Other owner-operators have had tougher times. “I have to stay away from home longer and work harder to maintain the same miles per month than I did the two previous years,” says Richard VanDyke, an owner-operator leased to Melton Truck Lines. “I think this is caused in part by the shortage of freight brought on by the lack of consumer confidence and the slowdown in the economy.”

Heath Smith, who pulls a flatbed for Williams Trucking of Dothan, Ala., and owner-operator Chris Arce, who is leased to M-Quick Delivery in Mesquite, Texas, noticed that freight slowed after Sept. 11. As a result, Arce believes his 2001 income will be less than in 2000.

“Freight rates have been negotiated down and down and down,” King says. “I’ve never seen such predatory pricing. The owner-operator gets caught in a hard spot. He’s got a certain amount of fixed expenses. If the wheels are not turning on that truck, he’s getting behind every day.”

“2001 was an extremely difficult year because load availability has decreased, and you have a steep increase in expense, particularly like insurance,” says Chris Brady, head of Commercial Motor Vehicle Consulting. Industrial production began to decline in October 2000 and declined throughout 2001, he says.


Rising insurance costs also have impacted the industry. Liability rates for fleets went up by nearly a third in 2001, with the biggest increases coming after Sept. 11, according to an American Trucking Associations survey. The biggest premium increases were for automobile haulers, followed by tanker trucks and general freight.

Most leased owner-operators, though, won’t have it as bad as most fleets, says Edmund Campbell, chairman of 1st Guard Corp.
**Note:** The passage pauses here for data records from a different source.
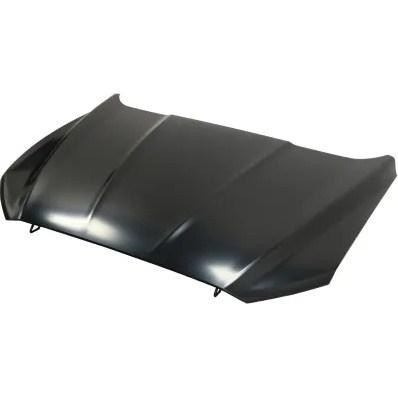Ford DS7Z-1661-2A Hood DS7Z16612A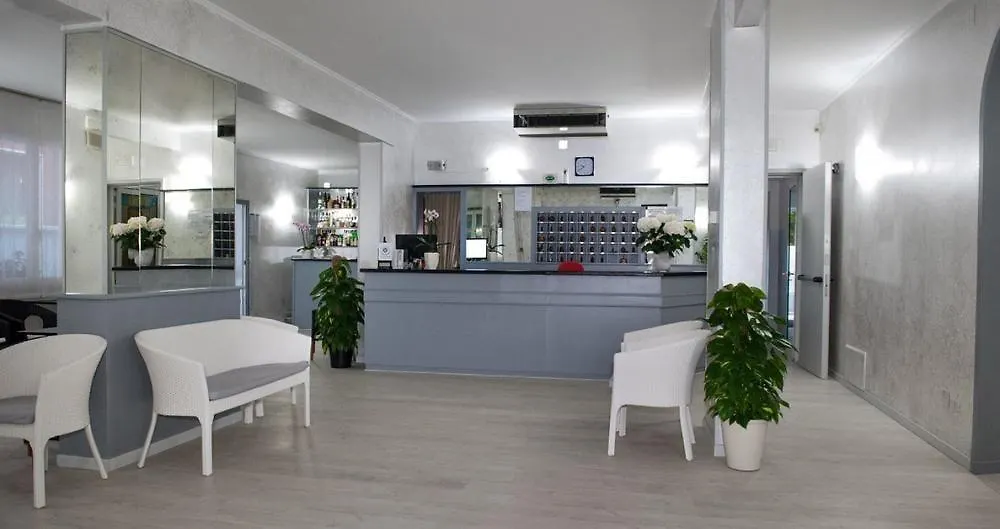 Hotel Anny Lido di Jesolo 3*,  Olaszország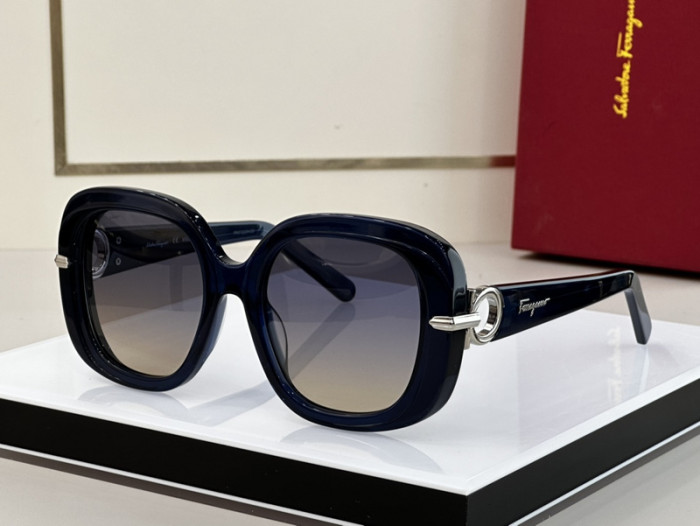 Ferragamo Sunglasses AAAA-643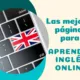 Blog de idiomas: Las mejores páginas para aprender inglés online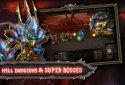 Epic Heroes War screenshot 6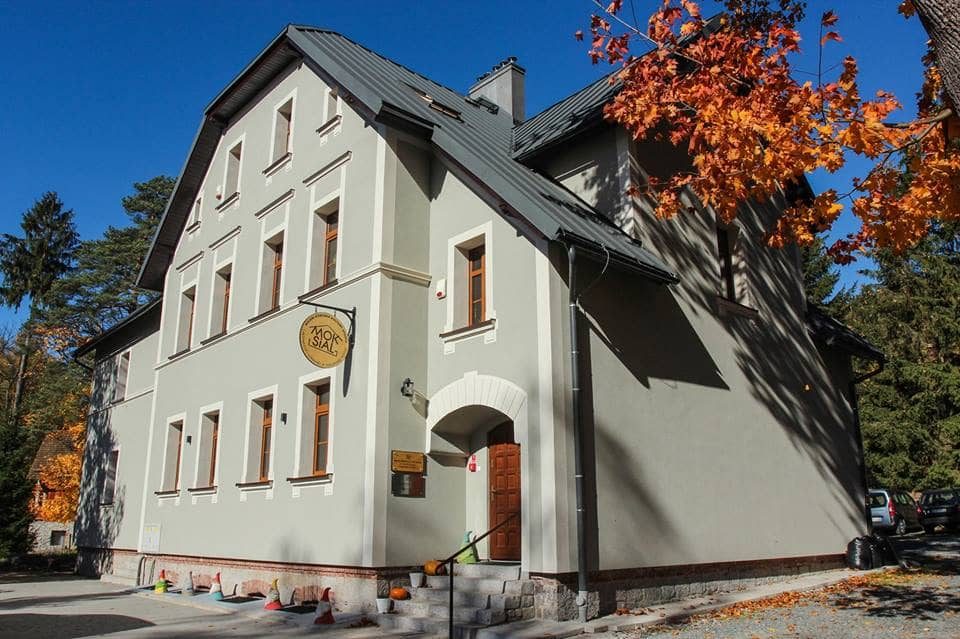 UM Szklarska Poręba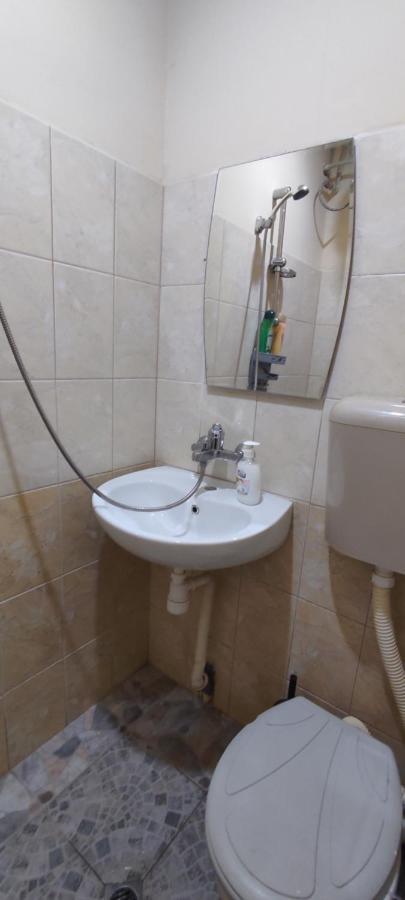 Comfortable And Cosy Near Ndk Apartament Sofia
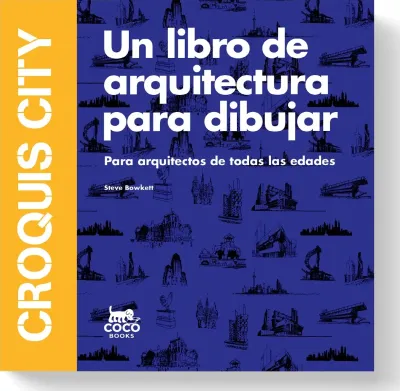 Croquis City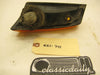 bmw e21 320 passenger right front turn signal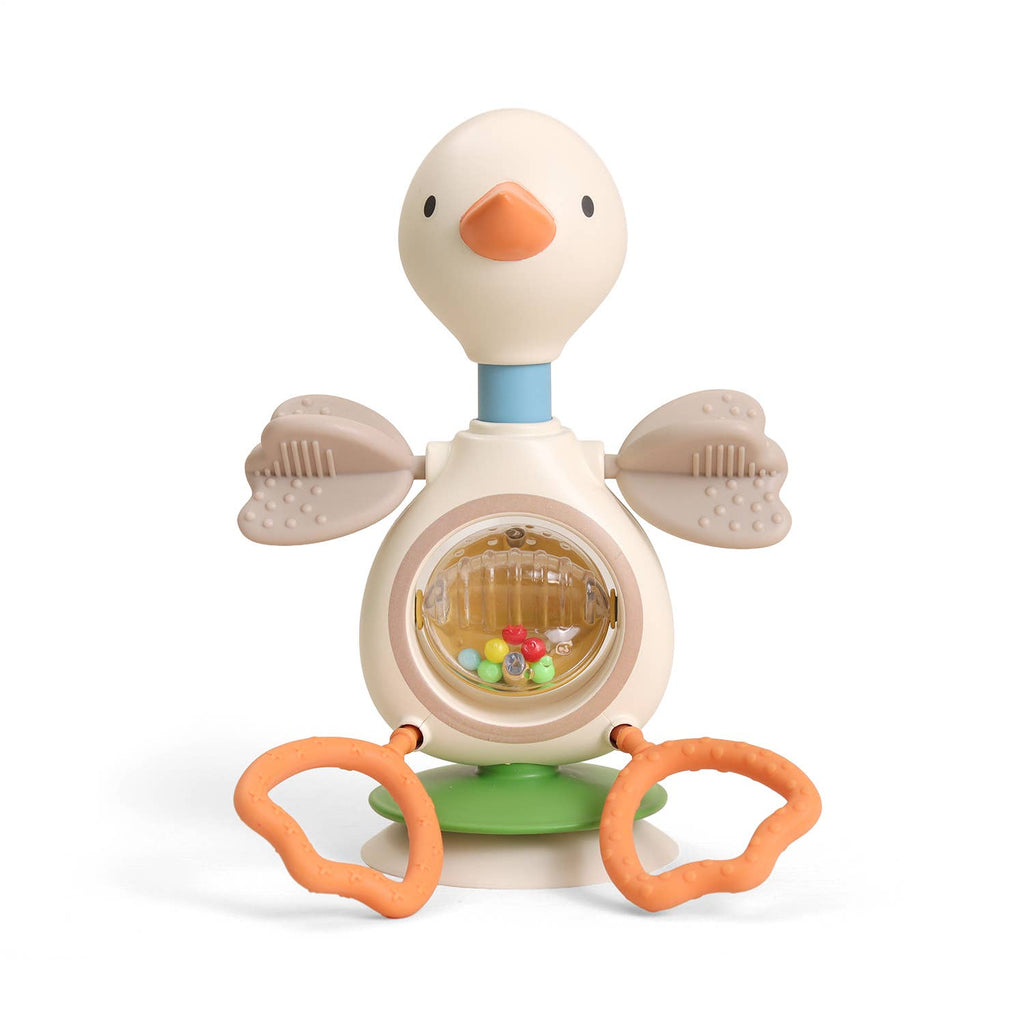 Itzy Twist & Bop™ - High Chair Goose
“The independent who is leased – his costs should stay relatively stable,” Campbell says, because physical damage insurance for owner-operators should not jump much. “The guy with his own authority is going to be fighting the same battles for liability and cargo insurance as the fleets are, and he’s probably looking at a 10 to 50 percent increase.”

Weak used truck value, a major concern for fleets and truck makers, is of less concern for one-truck owner-operators willing to maintain an older truck until a better time to trade.

Arce says his 1996 Kenworth T800 will be his last truck. Smith says he’s not worried about used truck values. Maintaining his 1991 Freightliner FLD 120 instead of paying for a newer truck has helped his income remain steady for three years, he says.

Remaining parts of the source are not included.